*** Entries supplied Section Begins ***

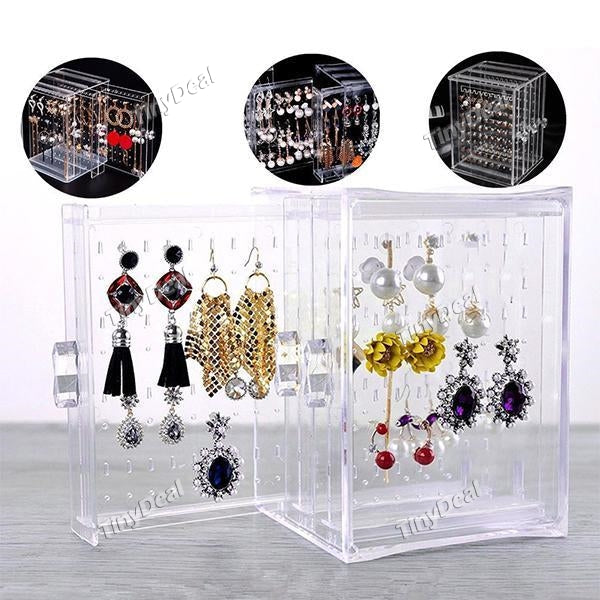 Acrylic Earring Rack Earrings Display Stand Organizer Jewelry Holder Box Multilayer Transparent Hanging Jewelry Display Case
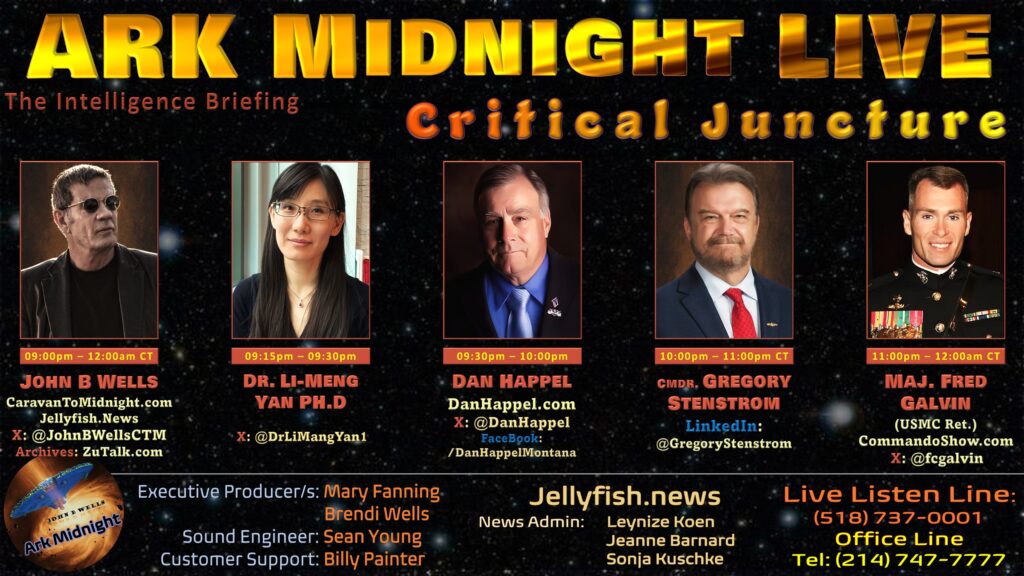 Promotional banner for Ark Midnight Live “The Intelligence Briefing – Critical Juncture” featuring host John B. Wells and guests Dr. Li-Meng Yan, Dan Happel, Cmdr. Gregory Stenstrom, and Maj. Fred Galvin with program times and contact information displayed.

*** Entries supplied Section Ends ***
*** Entries supplied Section Begins ***

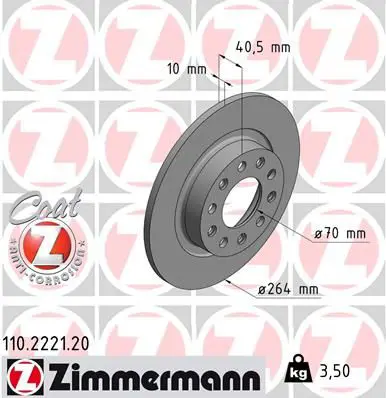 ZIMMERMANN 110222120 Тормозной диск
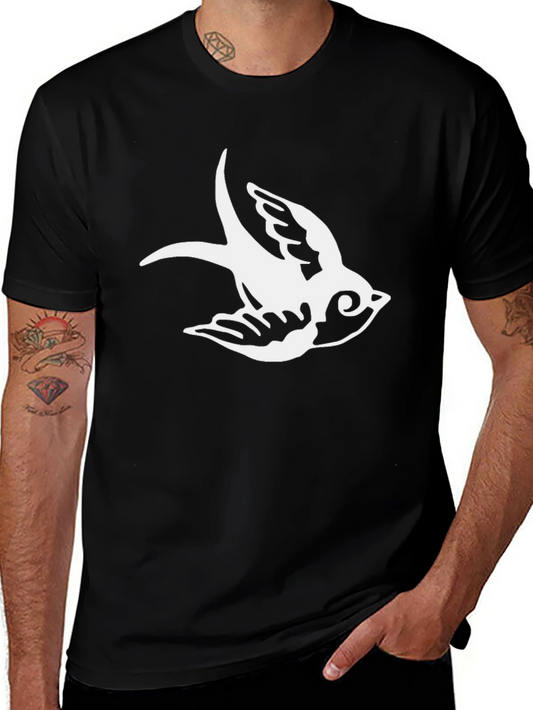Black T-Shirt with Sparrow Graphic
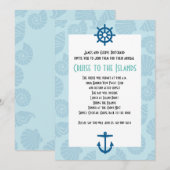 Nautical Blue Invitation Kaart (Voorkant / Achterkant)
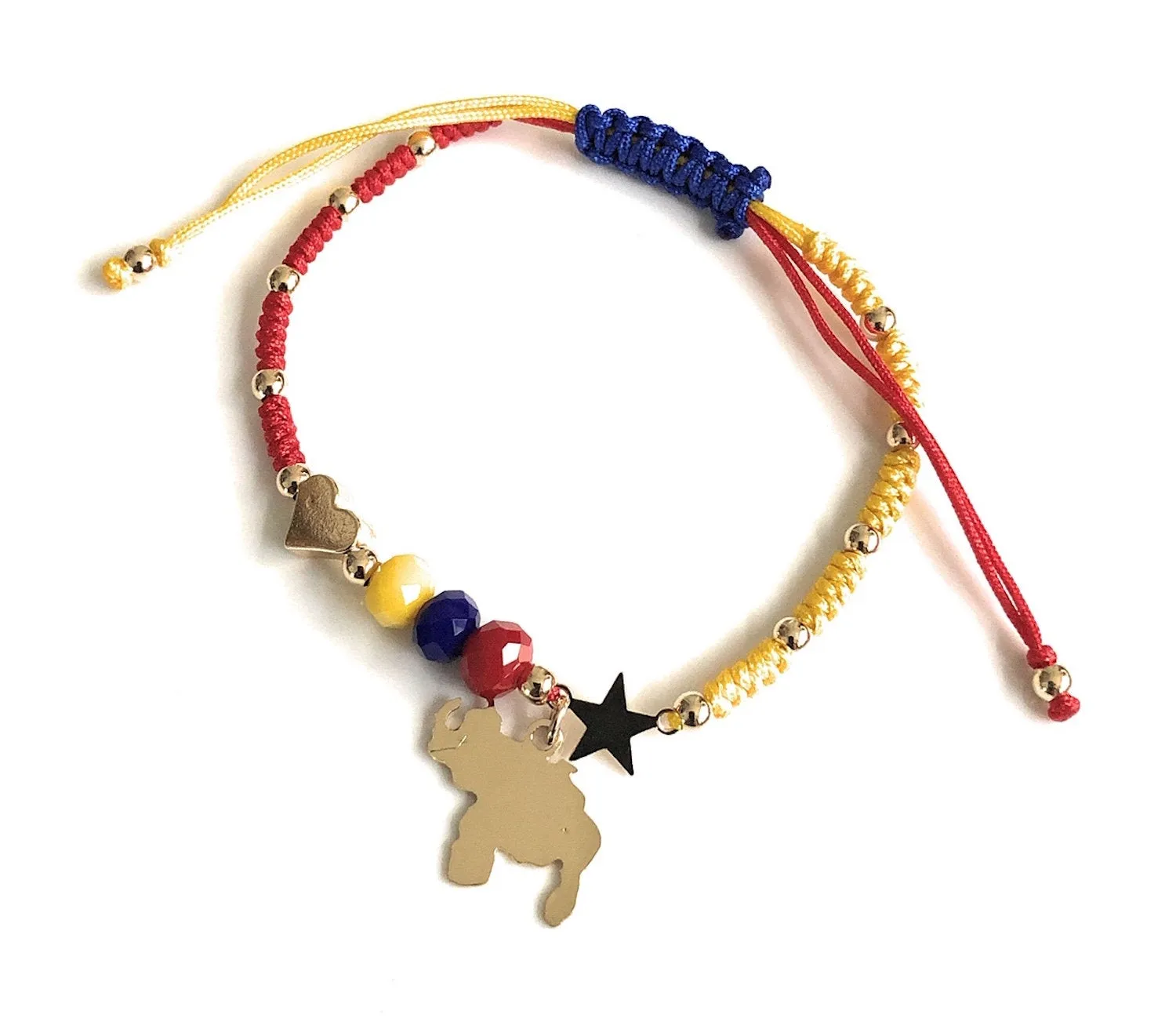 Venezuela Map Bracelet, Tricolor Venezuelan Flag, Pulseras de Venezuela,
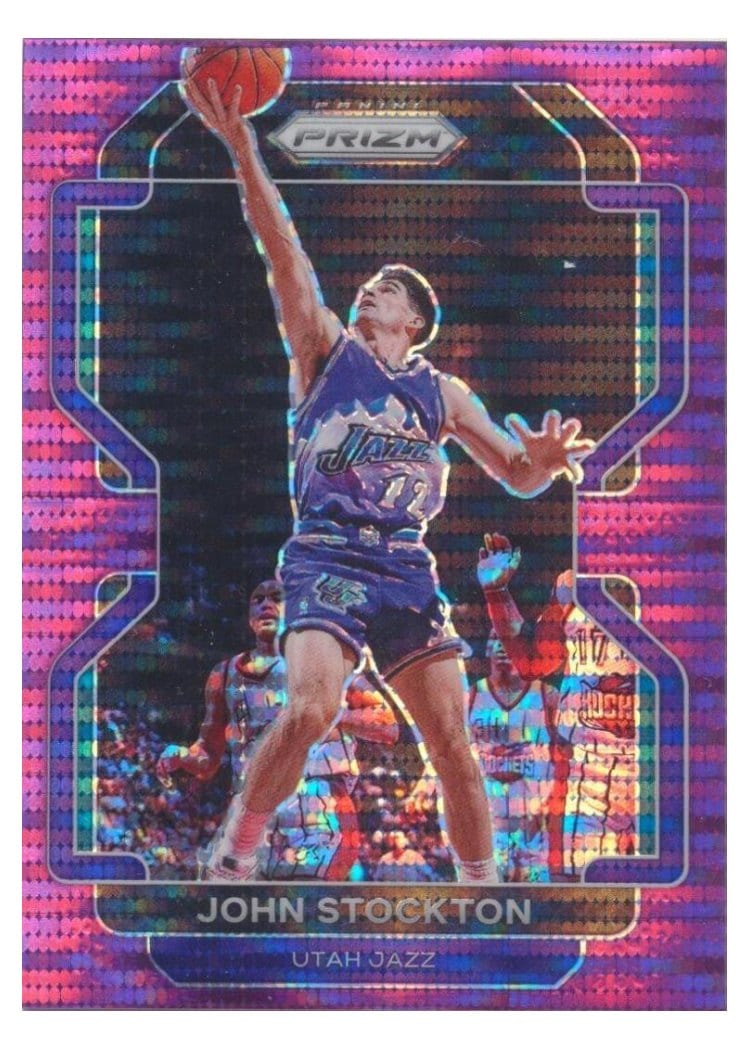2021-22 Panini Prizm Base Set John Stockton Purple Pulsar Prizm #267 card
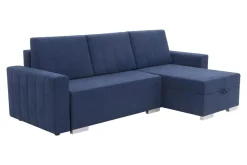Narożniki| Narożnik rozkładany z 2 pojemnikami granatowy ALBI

*** Entries supplied Section Ends ***
*** Entries supplied Section Begins ***

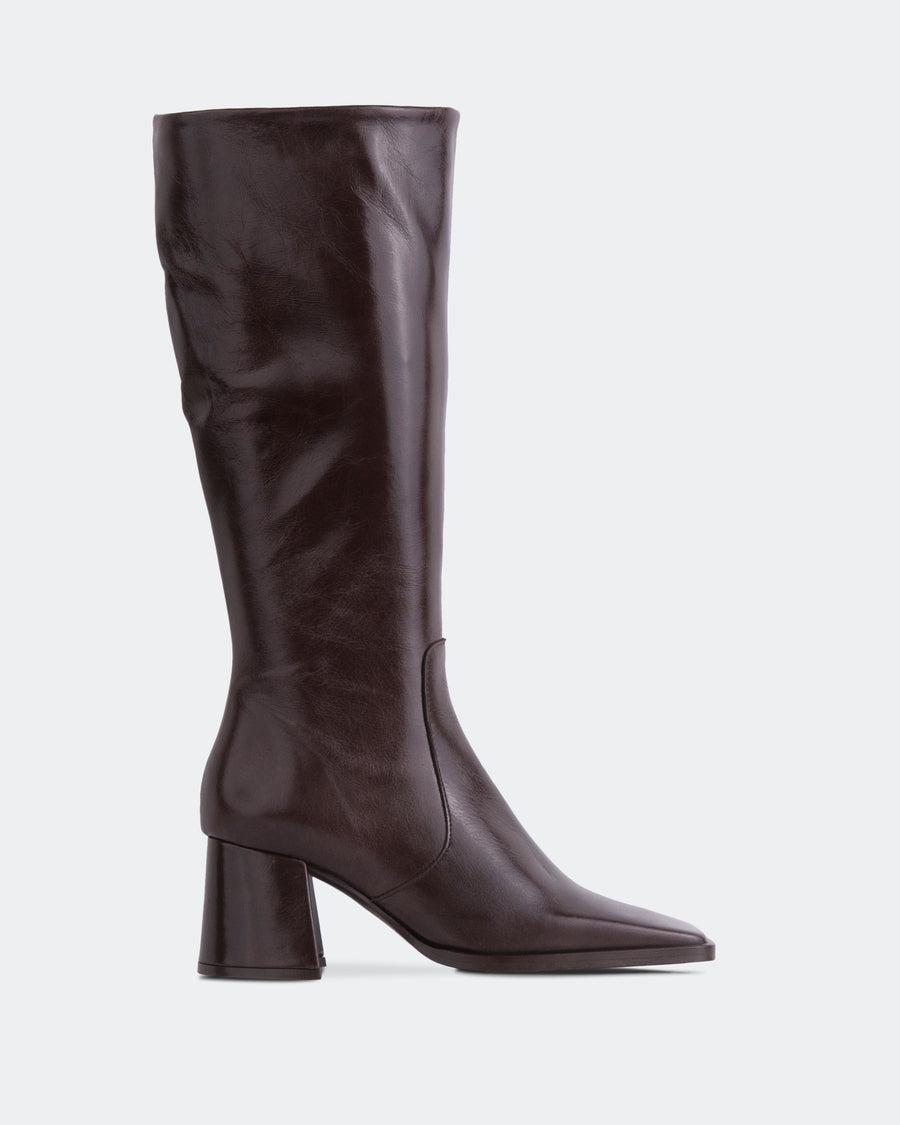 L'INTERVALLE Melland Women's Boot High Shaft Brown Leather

*** Entries supplied Section Ends ***

What you will do -
Reproduce the records above exactly, but only from the line with "Venezuela Map Bracelet, Tricolor" up to and including the line with "Narożniki| Narożnik rozkładany". Leave the pictures out.

Task answer -
 Venezuela Map Bracelet, Tricolor Venezuelan Flag, Pulseras de Venezuela,
2021-22 Panini Prizm Base Set John Stockton Purple Pulsar Prizm #267 card
Narożniki| Narożnik rozkładany z 2 pojemnikami granatowy ALBI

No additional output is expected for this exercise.